YOUR GOAL: Pictures in the material below are to be left out, and only the lines from the line with "carpeted bedroom featuring" up to and including the line with "Mugshot of Andrew" are to be written out exactly.

DATA SUPPLIED:
┌──

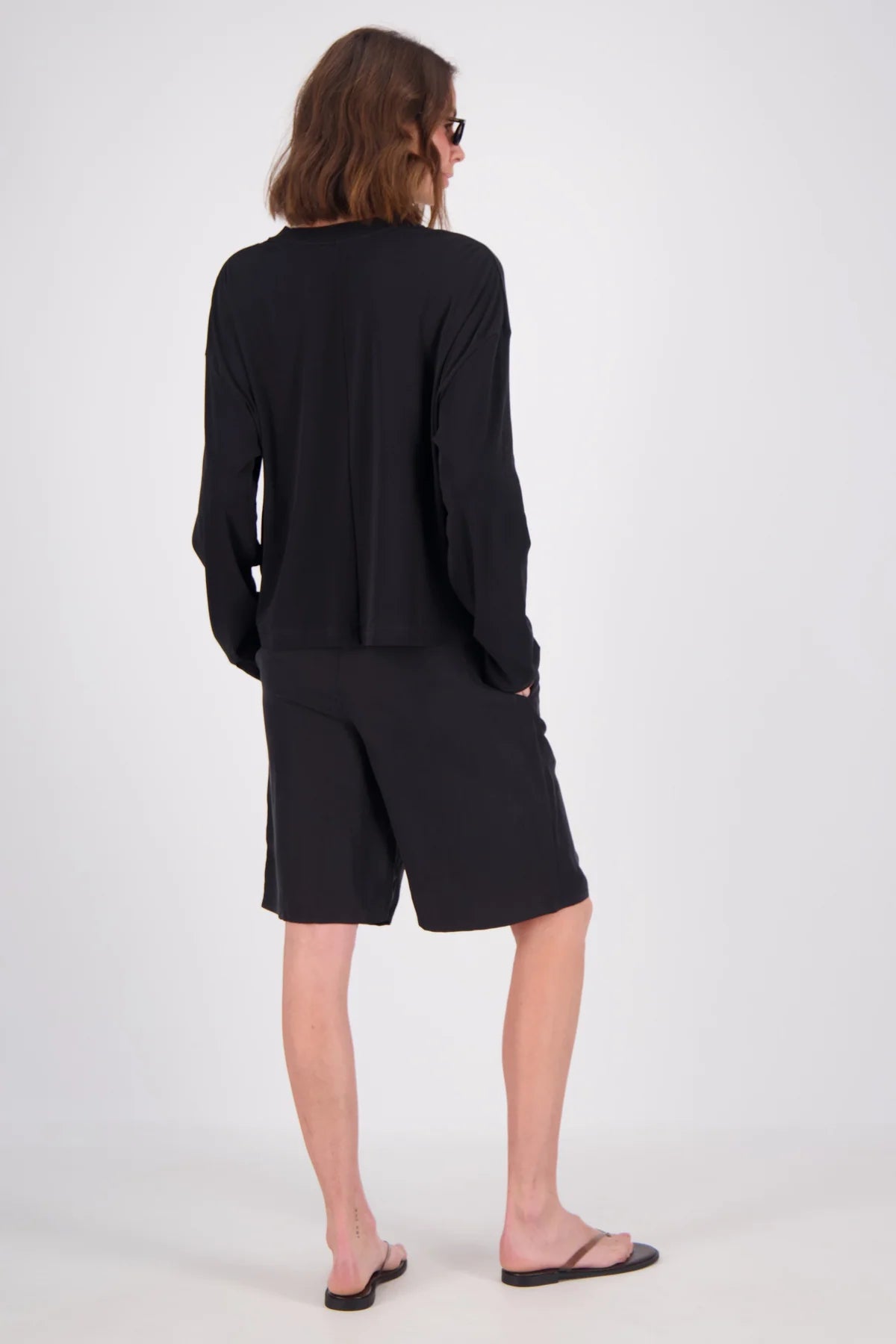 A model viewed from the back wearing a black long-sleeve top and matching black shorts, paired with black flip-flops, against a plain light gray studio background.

└──
┌──

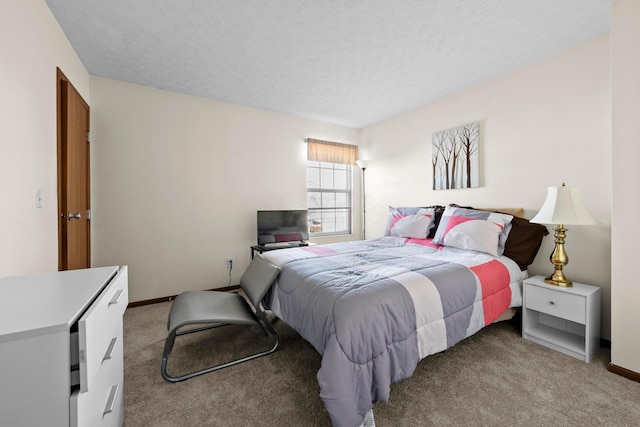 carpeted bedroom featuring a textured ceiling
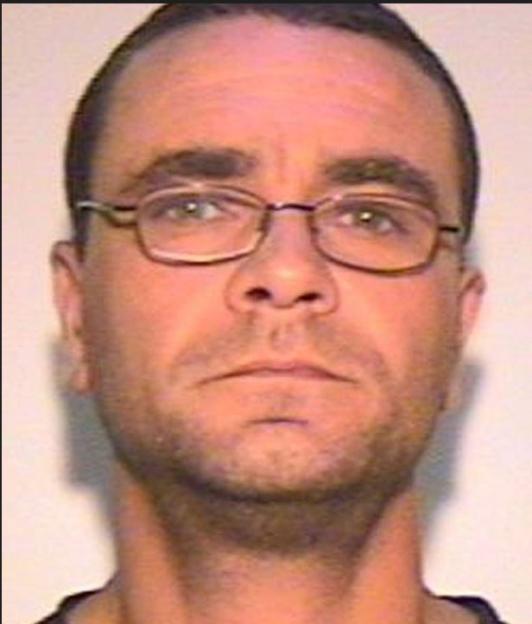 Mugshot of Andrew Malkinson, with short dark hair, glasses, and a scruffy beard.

└──

RESULT:
 carpeted bedroom featuring a textured ceiling
 Mugshot of Andrew Malkinson, with short dark hair, glasses, and a scruffy beard.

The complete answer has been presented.